== Data for review

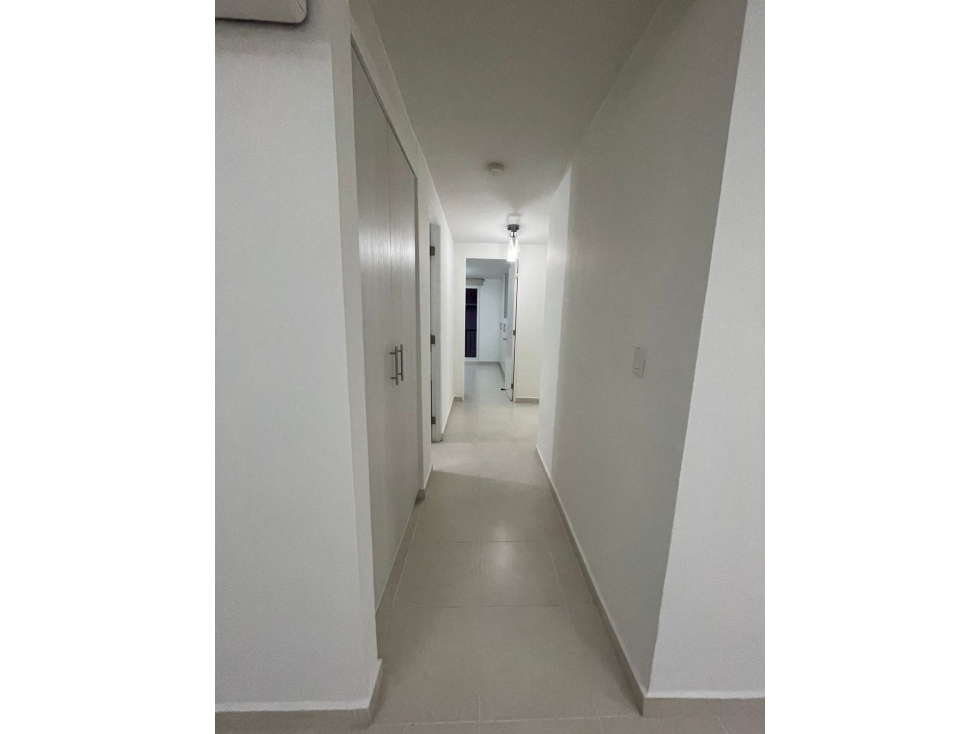 Alquilo apartamento con linea Blanca en Versalles - 2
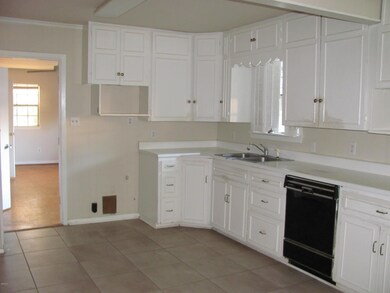 KITCHEN VIEW 1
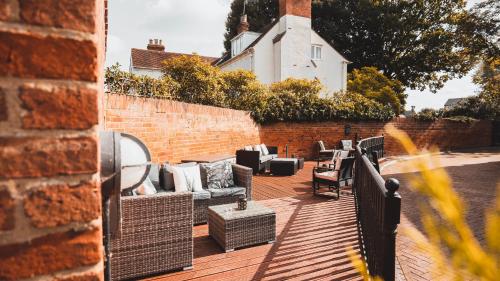 stratford limes hotel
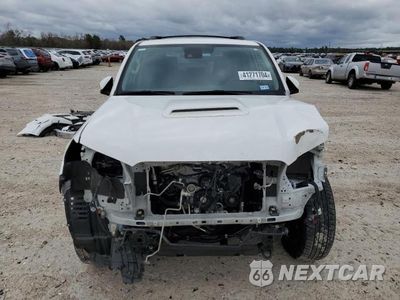 Piąte zdjęcie samochodu w środku: 2023 TOYOTA 4RUNNER TRD SPORT VIN:JTEAU5JR5P5280557 - miniatura
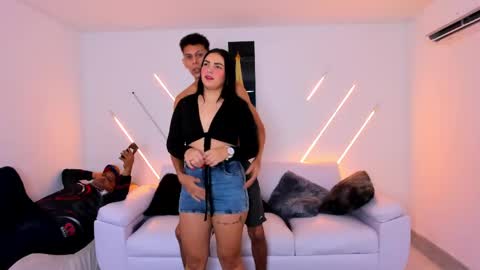 nympho_nathy_sophi online show from 04/23/26, 01:24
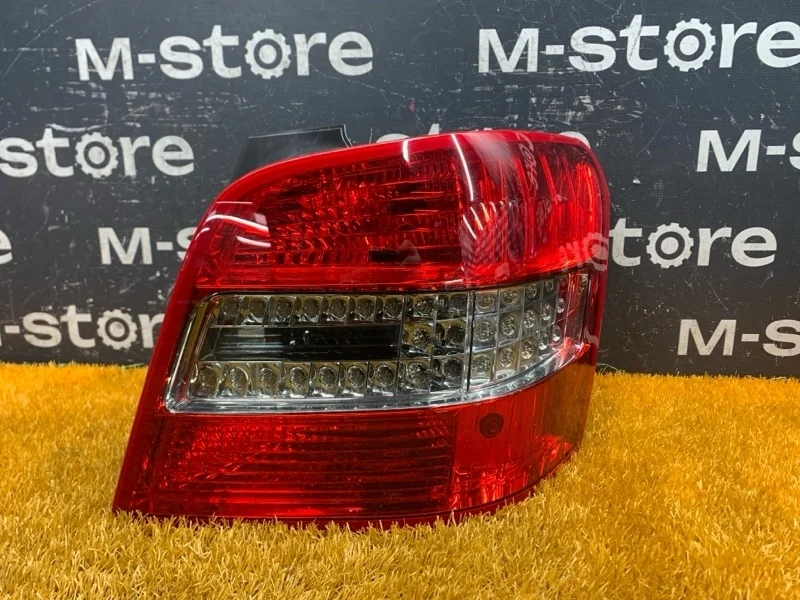 Фонарь задний Mercedes-Benz Glk-Class 2011 A2048202664 X204 272.948, правый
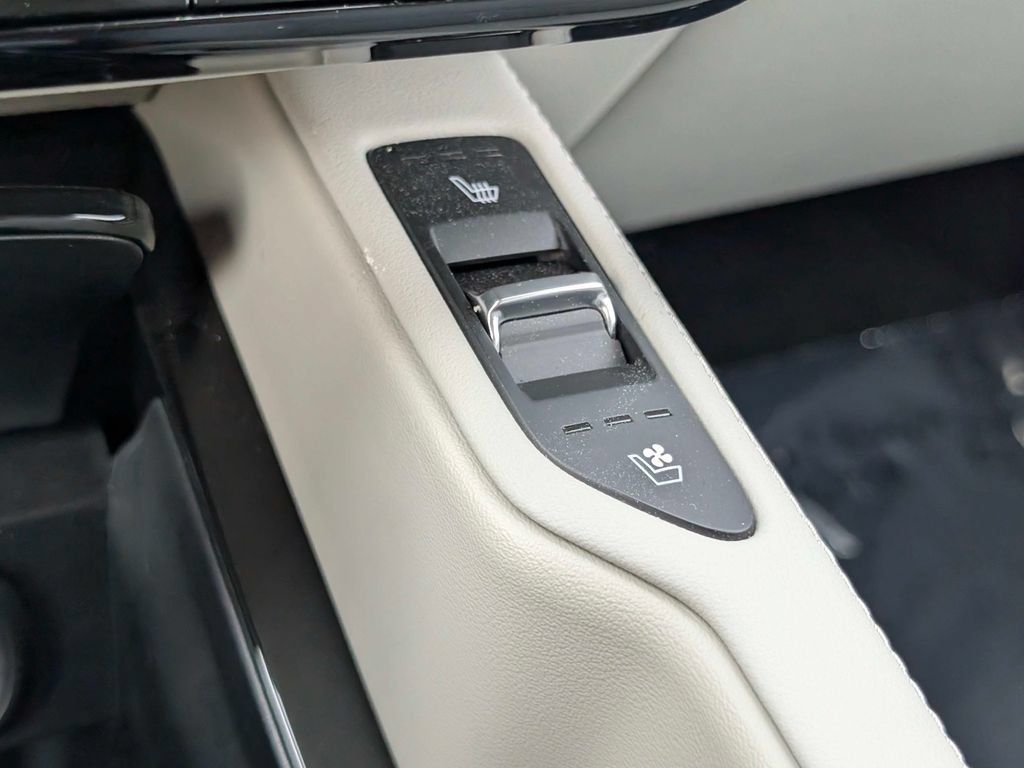 Certified 2025 Kia Telluride SX FWD image 25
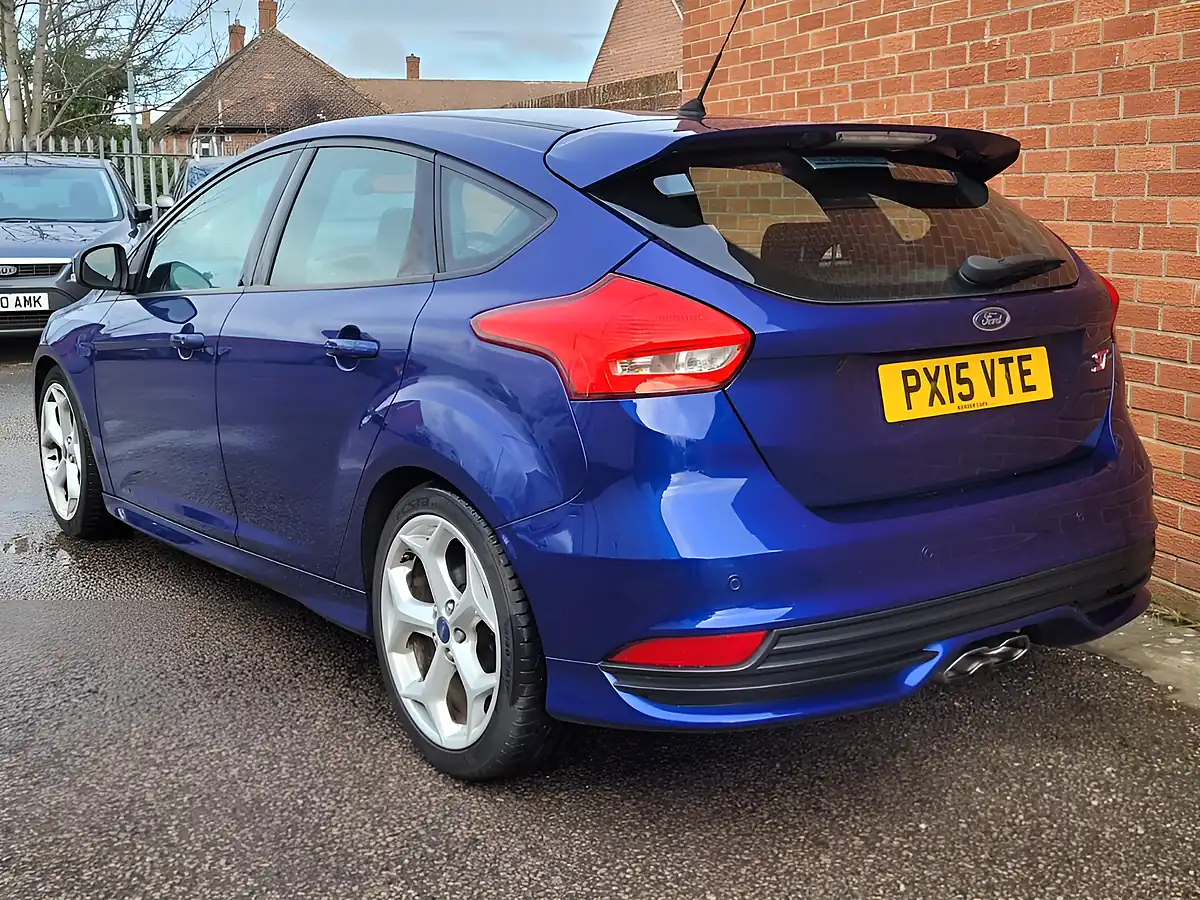 Used 2015 Ford Focus ST-2 Blue - Interior and Exterior details 3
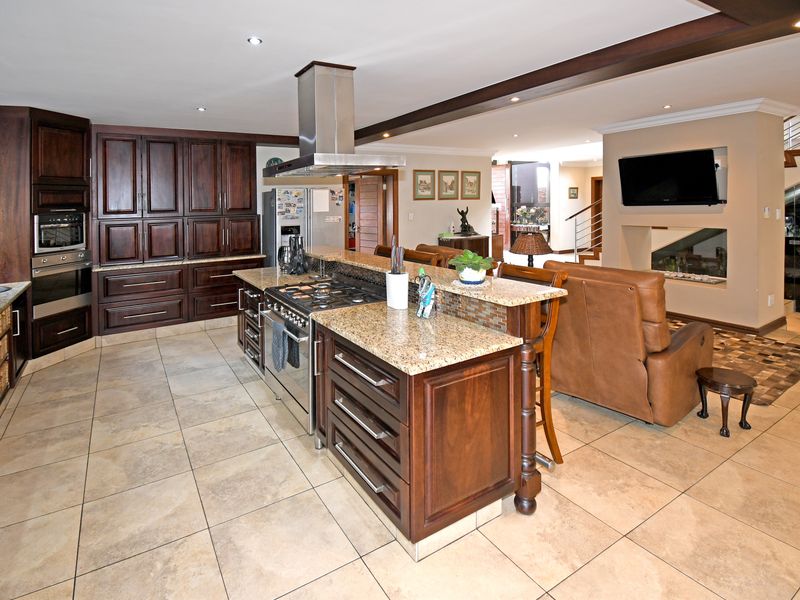 Elegant Family Living with Spectacular Views! - Photo 8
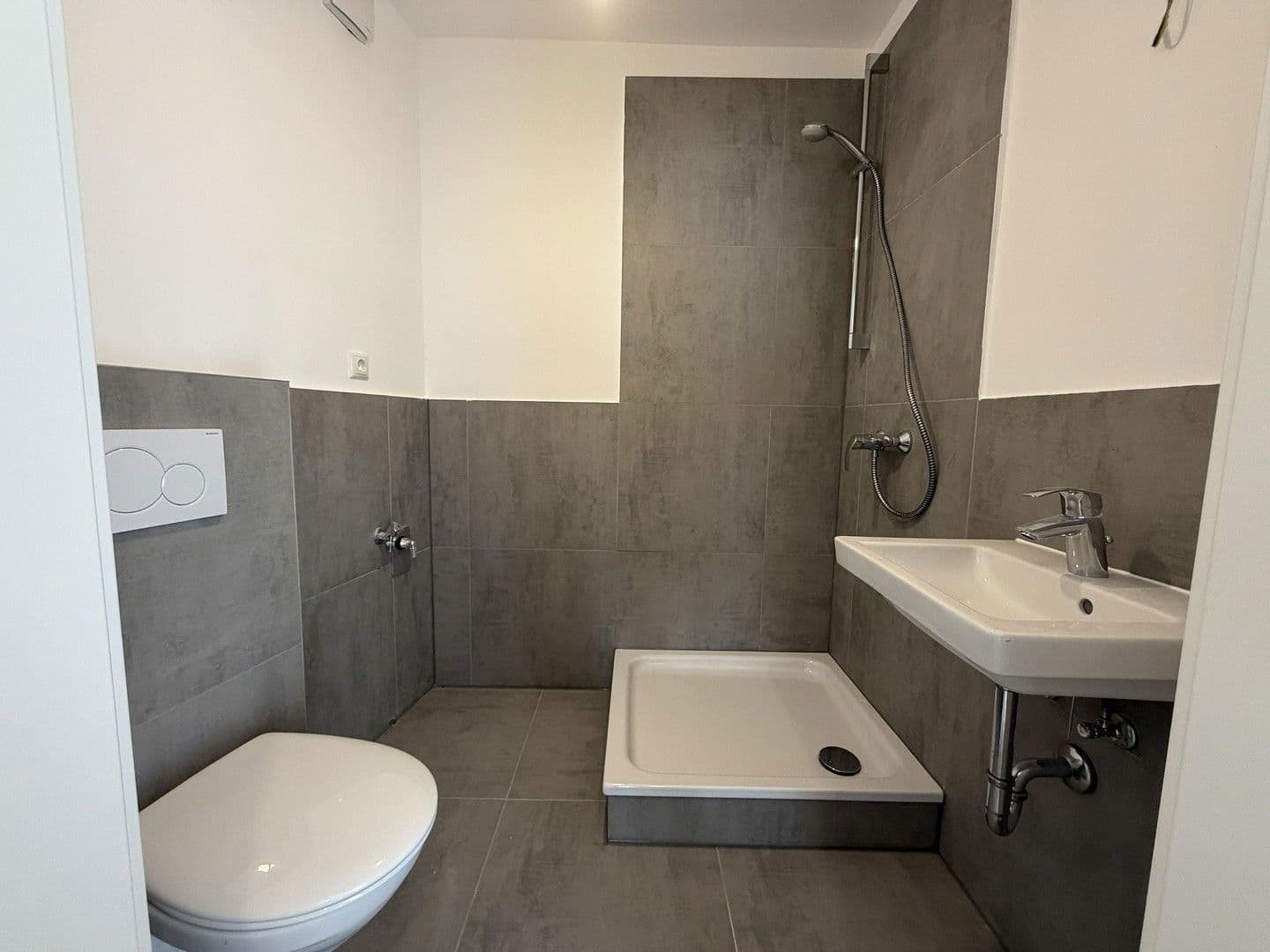 Pronájem bytu 1+1 30 m², Leipzigerstraße 61, Frankfurt am Main, Hessen Pronájem bytu 1+1 30 m², Leipzigerstraße 61, Frankfurt am Main, Hessen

====

Work task
An exact reprint of every record is required, with the pictures omitted.

Exercise answer
 Alquilo apartamento con linea Blanca en Versalles - 2
 KITCHEN VIEW 1
 stratford limes hotel
 Piąte zdjęcie samochodu w środku: 2023 TOYOTA 4RUNNER TRD SPORT VIN:JTEAU5JR5P5280557 - miniatura
 nympho_nathy_sophi online show from 04/23/26, 01:24
 Фонарь задний Mercedes-Benz Glk-Class 2011 A2048202664 X204 272.948, правый
 Certified 2025 Kia Telluride SX FWD image 25
 Used 2015 Ford Focus ST-2 Blue - Interior and Exterior details 3
 Elegant Family Living with Spectacular Views! - Photo 8
 Pronájem bytu 1+1 30 m², Leipzigerstraße 61, Frankfurt am Main, Hessen Pronájem bytu 1+1 30 m², Leipzigerstraße 61, Frankfurt am Main, Hessen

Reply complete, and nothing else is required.